Entries taken from a collection
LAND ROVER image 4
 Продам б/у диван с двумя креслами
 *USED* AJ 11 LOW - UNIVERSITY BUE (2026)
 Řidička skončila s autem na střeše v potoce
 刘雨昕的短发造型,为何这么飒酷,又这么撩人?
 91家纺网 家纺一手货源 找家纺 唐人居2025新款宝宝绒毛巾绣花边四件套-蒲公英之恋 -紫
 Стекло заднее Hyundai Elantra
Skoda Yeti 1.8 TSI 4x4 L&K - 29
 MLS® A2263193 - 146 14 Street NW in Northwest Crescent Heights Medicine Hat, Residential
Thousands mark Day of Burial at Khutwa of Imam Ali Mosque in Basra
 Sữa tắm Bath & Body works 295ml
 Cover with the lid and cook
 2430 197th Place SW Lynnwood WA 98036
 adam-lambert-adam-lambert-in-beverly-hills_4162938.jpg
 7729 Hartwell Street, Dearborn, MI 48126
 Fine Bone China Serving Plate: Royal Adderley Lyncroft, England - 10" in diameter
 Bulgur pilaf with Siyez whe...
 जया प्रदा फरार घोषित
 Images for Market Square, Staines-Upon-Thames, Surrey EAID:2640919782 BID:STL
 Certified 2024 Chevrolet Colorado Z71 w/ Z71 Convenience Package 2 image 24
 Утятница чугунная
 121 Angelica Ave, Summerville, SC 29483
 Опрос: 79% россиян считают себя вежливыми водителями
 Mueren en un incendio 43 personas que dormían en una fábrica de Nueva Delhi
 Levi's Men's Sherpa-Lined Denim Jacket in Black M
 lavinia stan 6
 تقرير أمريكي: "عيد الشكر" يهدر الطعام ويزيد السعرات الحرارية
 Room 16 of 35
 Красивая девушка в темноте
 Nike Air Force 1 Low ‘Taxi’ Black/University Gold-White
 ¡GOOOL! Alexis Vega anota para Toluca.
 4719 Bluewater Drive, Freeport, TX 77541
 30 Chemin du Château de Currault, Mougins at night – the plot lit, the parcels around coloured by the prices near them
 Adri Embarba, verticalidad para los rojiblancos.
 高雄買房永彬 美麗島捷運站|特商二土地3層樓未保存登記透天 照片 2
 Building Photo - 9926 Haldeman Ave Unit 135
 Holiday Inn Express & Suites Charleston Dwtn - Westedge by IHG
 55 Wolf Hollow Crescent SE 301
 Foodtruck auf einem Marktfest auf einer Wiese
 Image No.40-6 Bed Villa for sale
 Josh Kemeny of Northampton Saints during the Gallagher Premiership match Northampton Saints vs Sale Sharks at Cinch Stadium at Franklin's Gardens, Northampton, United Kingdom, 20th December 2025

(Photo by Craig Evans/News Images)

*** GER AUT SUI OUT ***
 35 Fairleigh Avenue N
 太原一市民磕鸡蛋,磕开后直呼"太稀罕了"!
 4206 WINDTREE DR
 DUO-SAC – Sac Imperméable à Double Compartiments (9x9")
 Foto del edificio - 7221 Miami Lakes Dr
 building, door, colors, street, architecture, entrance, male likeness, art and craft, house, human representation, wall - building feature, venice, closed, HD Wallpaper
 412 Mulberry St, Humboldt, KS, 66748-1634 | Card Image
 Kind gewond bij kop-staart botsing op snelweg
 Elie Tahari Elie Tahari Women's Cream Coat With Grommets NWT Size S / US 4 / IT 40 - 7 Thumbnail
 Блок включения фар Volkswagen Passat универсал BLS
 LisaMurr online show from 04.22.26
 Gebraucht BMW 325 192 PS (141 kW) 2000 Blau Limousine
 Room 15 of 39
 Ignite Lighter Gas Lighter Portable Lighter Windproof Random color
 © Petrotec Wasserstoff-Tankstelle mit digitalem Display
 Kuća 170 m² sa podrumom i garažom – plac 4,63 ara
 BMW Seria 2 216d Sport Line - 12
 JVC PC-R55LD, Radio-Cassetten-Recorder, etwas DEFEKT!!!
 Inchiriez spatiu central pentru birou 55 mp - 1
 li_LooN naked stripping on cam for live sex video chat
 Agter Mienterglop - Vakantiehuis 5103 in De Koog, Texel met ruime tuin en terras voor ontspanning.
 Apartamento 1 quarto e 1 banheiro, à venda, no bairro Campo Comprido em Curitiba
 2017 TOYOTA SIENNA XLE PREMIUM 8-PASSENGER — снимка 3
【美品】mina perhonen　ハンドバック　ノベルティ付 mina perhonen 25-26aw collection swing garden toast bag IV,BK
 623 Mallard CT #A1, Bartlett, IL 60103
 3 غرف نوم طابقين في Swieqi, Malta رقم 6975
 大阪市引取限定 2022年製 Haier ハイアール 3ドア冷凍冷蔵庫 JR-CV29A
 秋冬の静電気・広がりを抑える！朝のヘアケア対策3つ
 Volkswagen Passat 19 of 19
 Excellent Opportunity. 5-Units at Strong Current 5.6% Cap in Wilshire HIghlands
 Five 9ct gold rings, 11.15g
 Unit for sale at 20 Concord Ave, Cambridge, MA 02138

What needs to be done
The expected answer is a copy of each line above containing "Images".

Expected output
 Images for Market Square, Staines-Upon-Thames, Surrey EAID:2640919782 BID:STL
(Photo by Craig Evans/News Images)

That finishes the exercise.